Redrawing congressional districts is hearing topic

7/15/2011
BLADE COLUMBUS BUREAU

COLUMBUS -- With lawmakers expected to begin redrawing congressional district boundaries this fall, a state panel will hit the road next week to seek public input into what is otherwise an inherently political process.

By the time the rubber dust from the erasers is brushed away, Ohio will have two fewer congressional districts -- 16 instead of 18 -- because of its sluggish population growth over the last decade. With Republicans holding the pencil, there's little doubt that at least one of the disappearing districts is now represented by a Democrat.

"Ensuring an opportunity for public input is an important part of the congressional redistricting process," said Rep. Matt Huffman (R., Lima), chairman of the House Subcommittee on Redistricting. A similar committee in the Senate, chaired by Sen. Keith Faber (R., Celina), also will participate in the hearings.

Five hearings will be held, and one of them will be in Mr. Huffman's backyard in Lima. That's as close to Toledo as the hearings will get.
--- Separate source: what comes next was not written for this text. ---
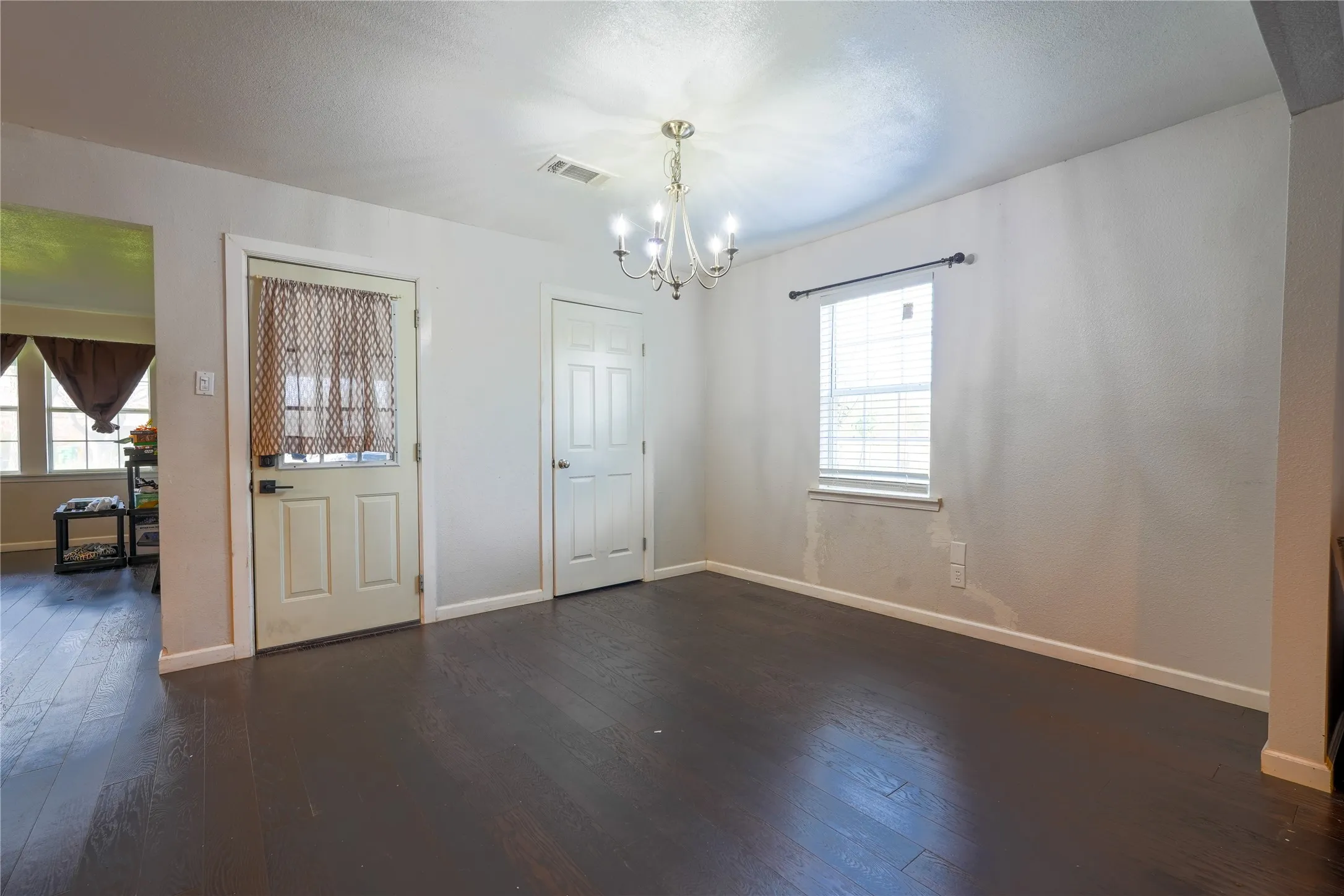 Single Family Residence For Sale in Mc Lennan County , 200 W Greenbriar Street, Robinson, Texas 76706, 3 Bedroom, 2 Bathroom, Garage spaces, 2,028 Sqft, built in 1950, Price $236,000, mls#21152778, Real Estate Agent in Robinson, Homes For Sale in Mc Lennan county, Homes For Sale in Robinson, Realtor in Robinson Texas, Real Estate Brokerage Independent Realty Texas, Luminita Cordes Realtor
The Lima hearing will be in the life and physical sciences building at the Ohio State University at Lima and Rhodes State College, 4240 Campus Drive from 9 a.m. to noon Aug. 2. The other hearings will be at the Ohio Statehouse in Columbus and in Zanesville on Wednesday and in Cleveland on Thursday.

Following the Lima hearing on Aug. 2, the committee will move on to Cincinnati later that afternoon.
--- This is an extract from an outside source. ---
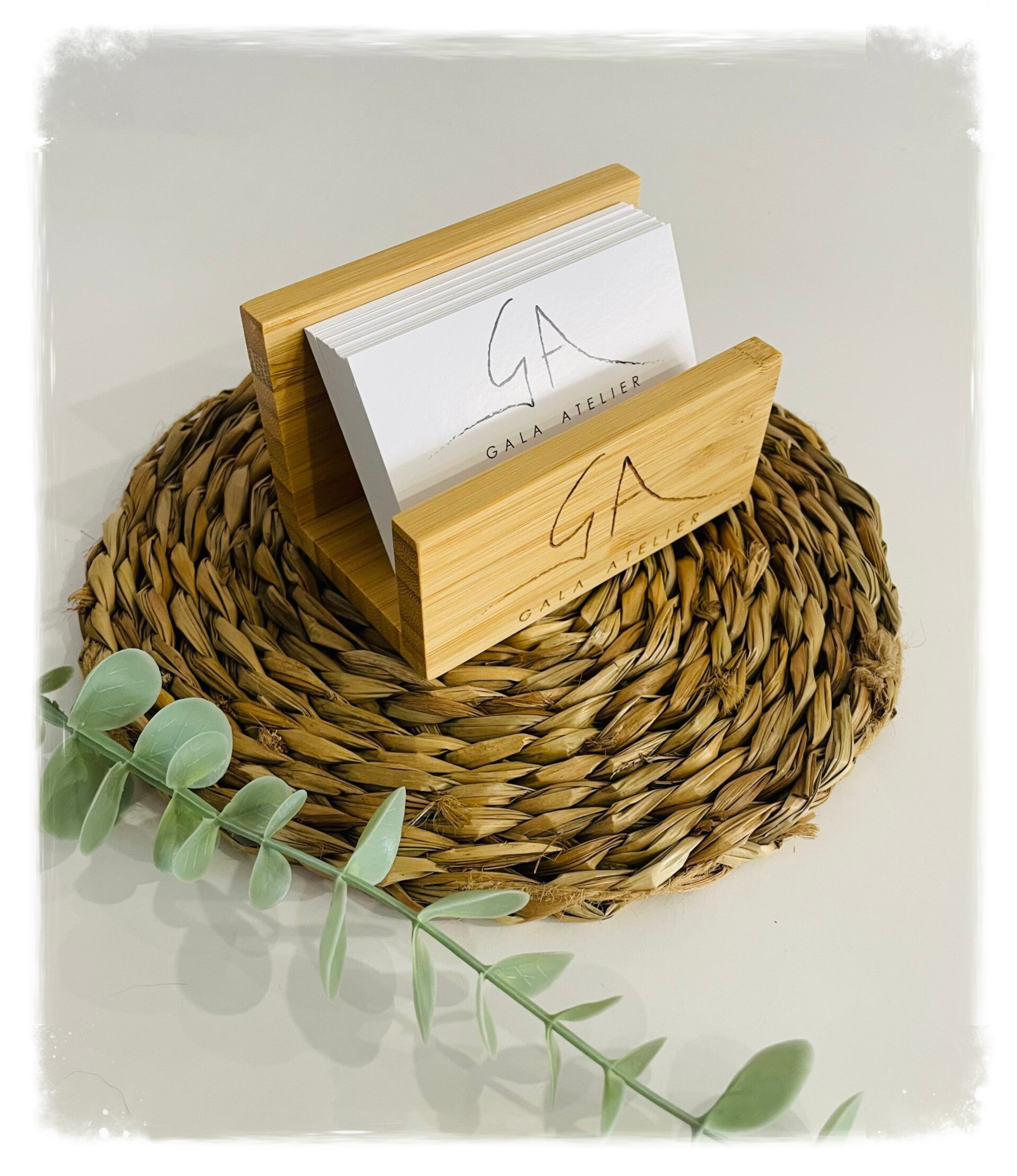 SOPORTE BAMBÚ TARJETAS LOGOTIPO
Congressional maps are passed by state lawmakers and the governor after each U.S. Census as they would any other bill. A final map following the 2000 Census was not enacted until January of 2002.

With that in mind, a recently passed elections reform bill would delay the 2012 presidential primary election from March to May. But the rush for new maps still could be on this fall now that a left-leaning group has announced plans to seek signatures to subject the elections reform bill to a voter referendum next year.

That could place the law on hold, leaving the presidential primary date in March. The filing deadline for congressional candidates for the early election is December.

The sacrificed Democrat is largely expected to be Rep. Dennis Kucinich of Cleveland. Democrats currently represent just five of Ohio's 18 congressional districts after the drubbing voters delivered to them last fall.

It remains to be seen whether Republicans could target a second Democratic-held district without weakening the electability of their own incumbents.